┌────────

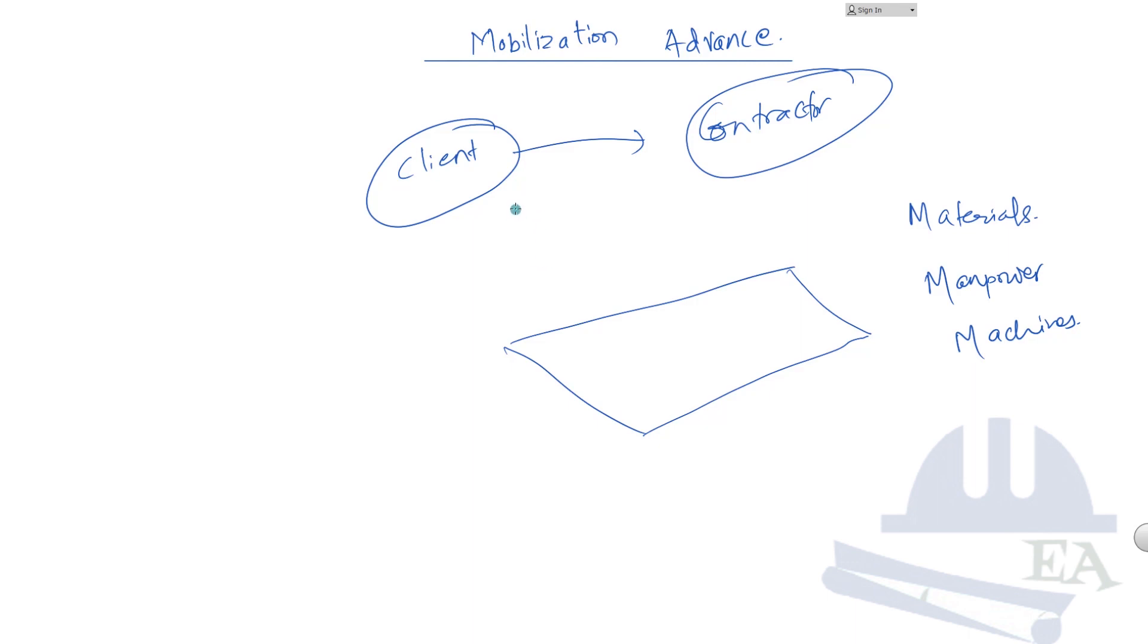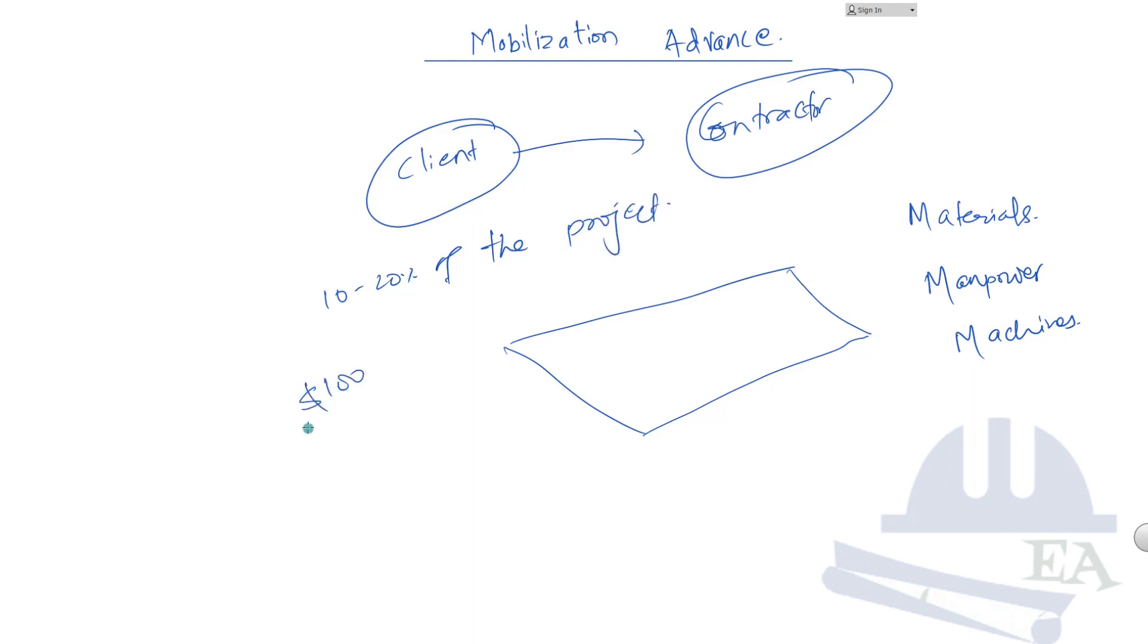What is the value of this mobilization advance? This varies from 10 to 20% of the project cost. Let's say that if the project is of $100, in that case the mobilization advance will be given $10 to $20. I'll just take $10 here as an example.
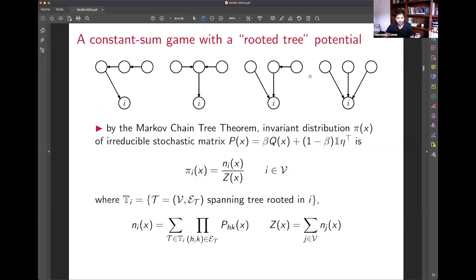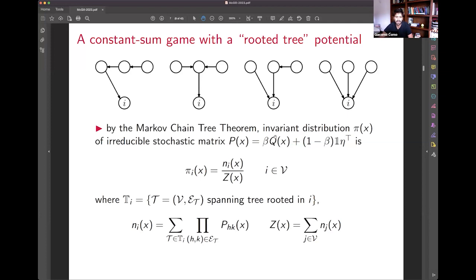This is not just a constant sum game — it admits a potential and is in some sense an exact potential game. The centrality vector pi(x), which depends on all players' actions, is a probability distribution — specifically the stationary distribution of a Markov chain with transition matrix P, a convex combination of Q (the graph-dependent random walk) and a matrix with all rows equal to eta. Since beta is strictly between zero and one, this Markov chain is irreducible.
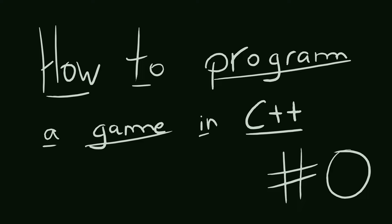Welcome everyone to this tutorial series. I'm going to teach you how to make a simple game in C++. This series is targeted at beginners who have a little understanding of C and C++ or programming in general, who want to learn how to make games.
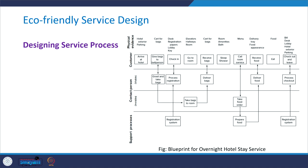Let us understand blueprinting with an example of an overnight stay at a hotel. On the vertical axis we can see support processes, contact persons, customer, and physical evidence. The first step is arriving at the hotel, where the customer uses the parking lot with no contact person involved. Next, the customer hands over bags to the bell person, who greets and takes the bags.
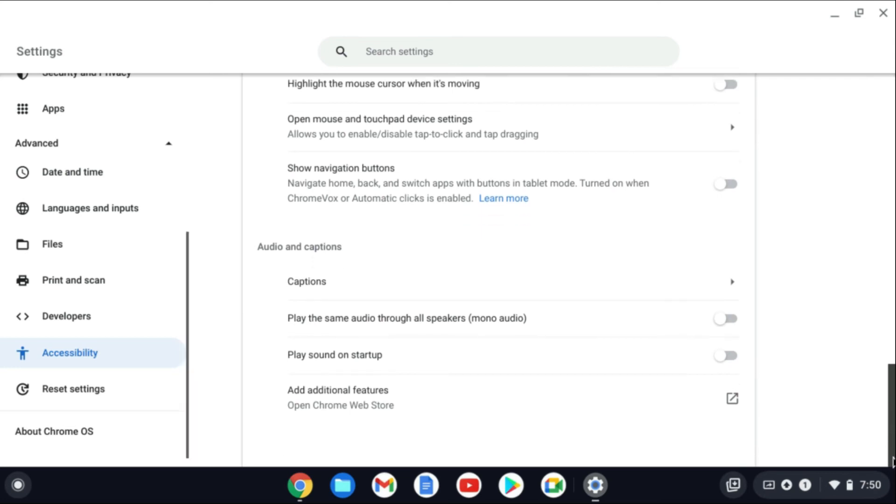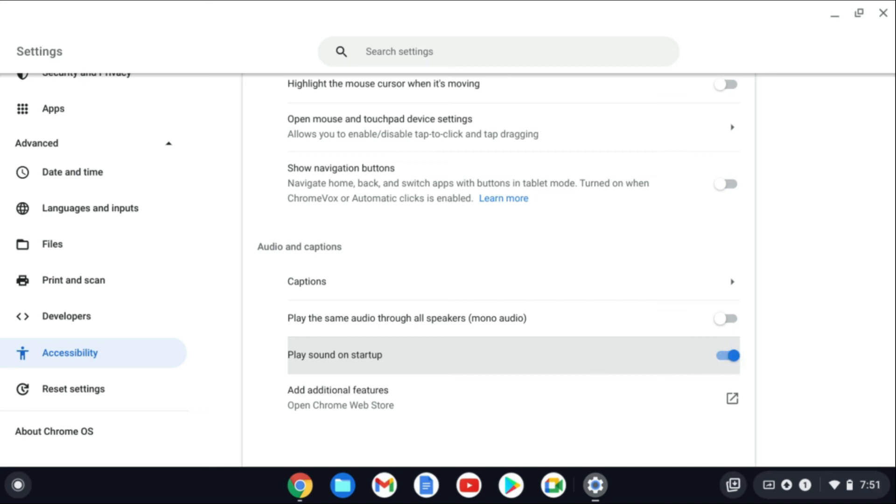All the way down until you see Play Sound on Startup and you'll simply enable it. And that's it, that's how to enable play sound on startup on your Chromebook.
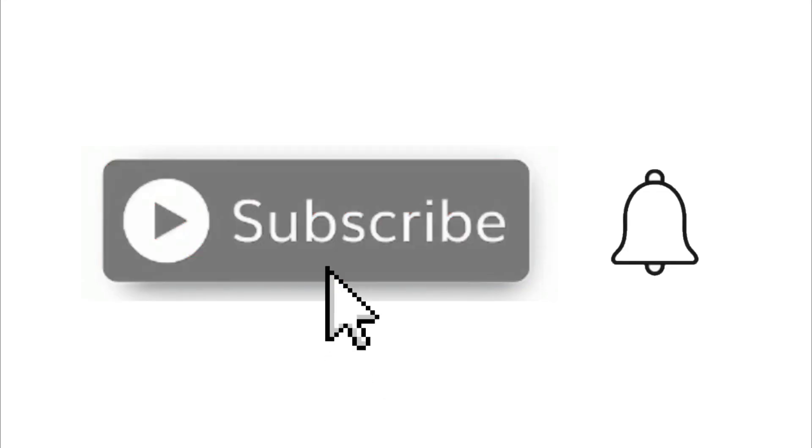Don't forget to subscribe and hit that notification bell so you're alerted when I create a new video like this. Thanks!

└────────

## The problem
Your job is to restate, word for word, only the lines from the one holding "All the way" through the end of the material; pictures stay out.

## Output of the exercise
All the way down until you see Play Sound on Startup and you'll simply enable it. And that's it, that's how to enable play sound on startup on your Chromebook.
Don't forget to subscribe and hit that notification bell so you're alerted when I create a new video like this. Thanks!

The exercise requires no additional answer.